The high dignitaries of the state, starting with Putin, regularly attend major church services, and Putin has demonstratively executed the Orthodox rite of crossing himself. This ritual has become a part of political life in the country. Each new church, official building, or new production asset is now blessed in a special ceremony attended by a high official of the government. Vladimir Putin has taken part in the blessing ceremony of several holy sites. He was among many governmental and Church dignitaries who attended the ceremony of blessing a new Church complex in Usovo (Moscow region) in 2010. It has been highly touted by the media that Putin has his own personal spiritual priest, Father Tikhon (Oleg Shevkunov before taking his vows). Putin’s visits to monasteries and churches have also been highly publicized in the official media. 
In May 2012, the head of the nuclear corporation, Sergei Kirienko, the Federal center director Valentin Kostikov, and the local bosses participated in the opening of a new cathedral in Sarov, the main nuclear center in Russia. Kirienko spoke eloquently, with the verve of a real preacher: “It is not often that such a center of security and state is created as here at Sarov, the historical center of spiritual power of Russia” (the first Sarov Church was founded in 1706; it closed in 1927 after being plundered).
The government has also permitted the full-scale penetration of the Church in the educational system. The collaboration between local authorities and the Church has become a standard in society. The church received full freedom to create Orthodox schools in the country, even if, paradoxically, the bureaucratic obstacles of state and church hinder the expansion of the religious educational system, in addition to there being a great shortage of teachers able to talk professionally about religion. However, even with all these obstacles it is important to note that the church has aggressively entered into the whole system of education. While the regime has not, so far, ordered the Bible to be taught in schools, it has allowed a sort of substitute—“The Basics of Orthodox Culture.” The cases of interaction between Church and schools have multiplied. Thus, at a meeting arranged by the Church eparchy in Kaluzhsk in August 2011, the head of the educational department of a Borovsk district declared that “cooperation with the clerical institutions in the moral education of children is a priority in the work of the authorities.” This bears an amusing resemblance to a similar narration during Soviet times; at that time, instead of the Church, they referred to the Communist party. It was decided that each school in the Kaluzhsk district would be served by a priest, who would participate in teaching a course in “The Basics of Orthodox Culture” and in the preparation of the Orthodox ceremonies. Many schools have introduced the teachings of the Orthodox religion, despite there being a high proportion of non-Russian students in the schools. Equally important is that a position has been created for a priest in all military units—including the army, the Minister of Internal Affairs, and the FSB—and that Church buildings have gone up on the properties of the various universities. The creation of a theological department at the famous Engineer-Physical Institute, which prepares scholars and engineers for the nuclear industry, was a shock, even to contemporary Russians, who have become accustomed to the Orthodox offensive.
Like the department of propaganda of the Central Committee, the Church is practically (if not formally) endowed with the right of censorship, which is treated as if it were legal by the central authorities as well as by local institutions. Vladimir Pastukhov addressed the issue of the Church’s censorship in his article “The Country on the Edge of a Nervous Breakdown,” in which he talked about the Church which  attacked “all oases of cultural growth.” One typical example is that Rostov’s authorities banned the opera Jesus Crisis –Superstar in 2012.  The Church inspired a law that would invoke punishment for actions and words that could be considered hostile to religion, as noted by Alexander Nevzorov in his article “Orthodoxy or Life,” who declared the Church an open enemy to freedom of speech and an advocate of obscurantism.
Putin’s regime has also intensely supported the growth of the material basis of the Church. With the help of the state, hundreds of churches have been built throughout the country. In the Moscow region, the Church plans to build 600 cathedrals in 2012. With the total support of the state, the Church has ousted a variety of cultural institutions from their buildings, claiming ownership.

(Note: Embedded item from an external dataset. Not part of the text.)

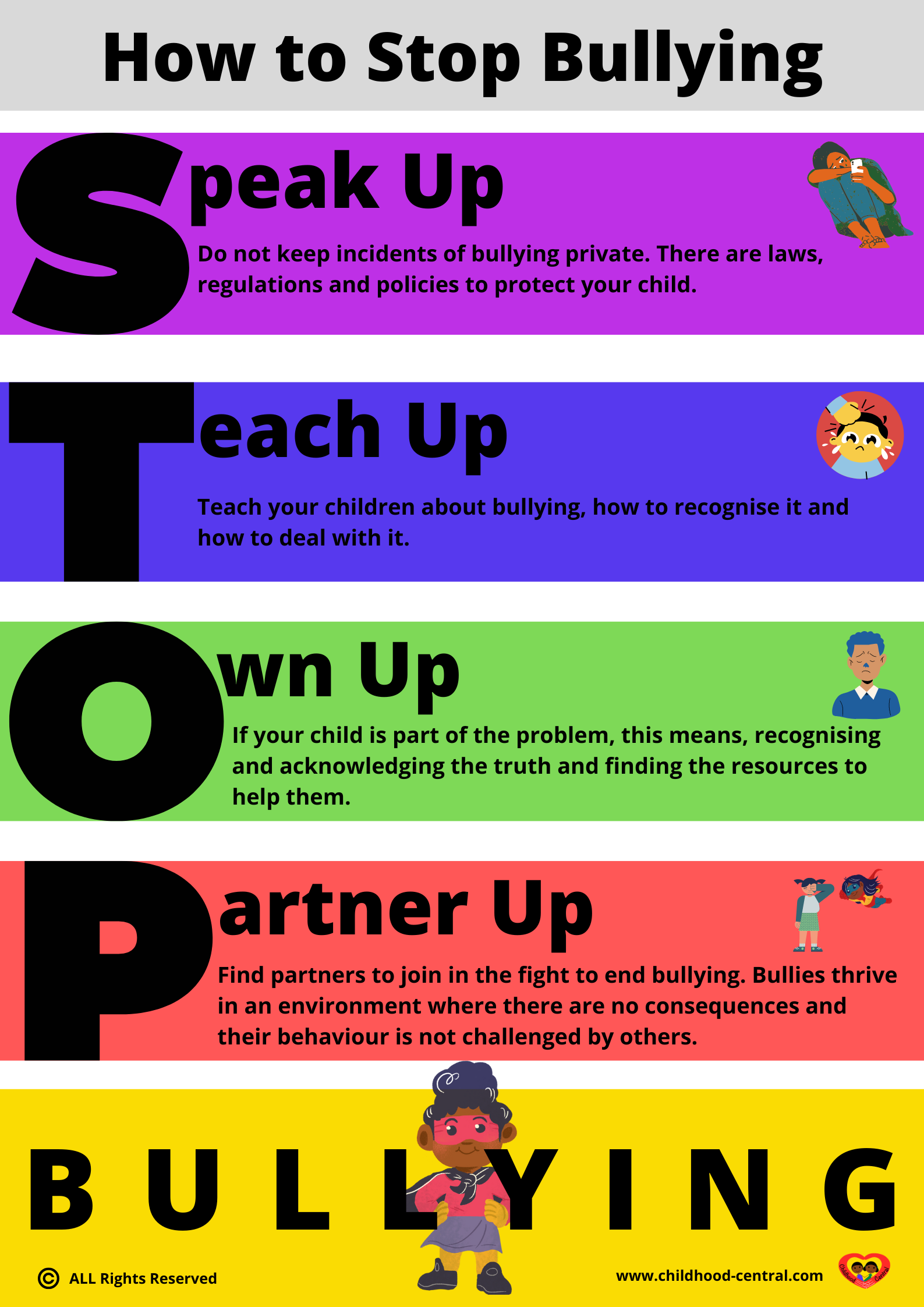 Stop Bullying Poster - Childhood Central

The political activity of the Church in the regime’s favor
The Church provides the regime not only with an ideology but also, in many ways, with direct support for the authorities.
Feeling like a powerful political actor, the Church has directly intervened in the law-making process. In the fall of 2012, the Church demanded that the Civil Code include, for example, freedom from paying rent on holy land, including buildings, as well as immunity from bankruptcy. Several of the Church’s demands were satisfied by the State Duma. 
The Church openly supported the regime in the recent election campaign. Not only did it support Putin’s party in the election, in February 2011, the Orthodox Church permitted priests and all other Church dignitaries to participate in the election as candidates themselves supporting the Kremlin. The Patriarch openly declared that he supported Putin during the 2012 presidential campaign.
With the help of the state, the Church has created its own media, similar to a newspaper, called Vera i slovo (Faith and Word),  and supports several very aggressive nationalistic movements like Sacred Russia, Georg’s Orthodox Alliance and others.
 The Church has aggressively infiltrated all state structures in the country in a way that resembles the Soviet Communist party, which had its units in each cell of Soviet society. The patriarchy regularly invites high officials to its Moscow headquarters and has also awarded some of them with Church medals.
What is more, the Church has had a strong influence on the political parties. Some of them have proclaimed their fealty to Orthodox fundamentalism. The Rodina—the Motherland partyis regarded as the political hand of the Church. At the suggestion of the Kremlin, the Church even had some success in penetrating The Right Cause party, which was the most well-known liberal organization of the past two decades. In an expansion of their activities, the Church gave some informal support in 2012 for the creation of volunteer guards, whose task was the protection of Orthodox values. The Church has also helped the regime with foreign policy. The evident goals of the Patriarch’s visits to the Ukraine were to increase the influence of Kremlin politics on the leadership of this republic.   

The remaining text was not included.